The Game Conservancy Deutschland, in Cooperation with the HAWK in Gottingen (University of applied sciences and art) and students from several German universities began environmental studies at Glenogil Estate, Angus in April 2015.

The the first two years were concentrated on understanding the ecosystem (grouse moor) with all it’s different parts and habitat diversity. We described the bird fauna in a species list with special attention paid to the habitat use by those species. So far we have recorded at least 103 bird species on Glenogil estate, an immense figure. Not all species of course breed on the estate but they do use the area frequently for foraging or resting during migration.

Typical of large parts of the estate is the abundance of heather moor but also several natural flowing burns in grass dominate valleys. At first sight these moors seem to be lacking in species but in fact they are highly diverse. To facilitate this diversity the burning of old heather in small mosaics within the landscape is in an important management tool, enabling breeding and feeding habitats not only for Grouse but also for many other species. For example the mice hunting short-eared owl favours low and jagged vegetation.

For waders such as Curlew, we proved that the early stages of heather growth are the most important feeding and breeding habitats.

Habitat management including the grazing of sheep, runs parallel to legal predator control and is an important tool to maximise higher densities in endangered species. To prove the positive influence of both habitat and predator management we started further investigations in 2017.

During the breeding season of 2017 more than 30 waders nests such as Oystercatcher, Golden Plover, Lapwing and Curlew where equipped with game cameras and thermologgers. The loggers are placed in the nests and they record date, time and temperature, so after the nesting period we are able to read the information in order to asses if a clutch was lost or if indeed the brood was successful. In combination with the cameras we are able to take a precise view about the hatching success and any causes of loss. So far there is not enough data to give an informed statement but from the first observations the hatching success seems to be very high in comparison to other areas.

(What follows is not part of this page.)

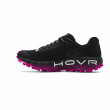 Дамски обувки за бягане Under Armour W HOVR Machina Off Road черно/розово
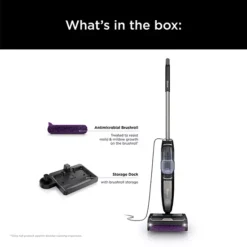 Shark® Steam Pickup™ 3-in-1 Mop (SD201) 19 Shark® Steam Pickup™ 3-in-1 Mop (SD201) -Storage And Cleaning 7053924 ALT8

Since 2016 we also focused heavily on mountain hares and have now established different counting areas. For the night countings, thermal cameras were used and we repeated the work every spring and late summer in order to gain figures about the breeding success. In 2017 we are seeing that the mountain hares on Glenogil have almost tripled in population. This success rate is extraordinary high and exceeds breeding success by the European brown hare, monitored on more than 450 German investigation areas.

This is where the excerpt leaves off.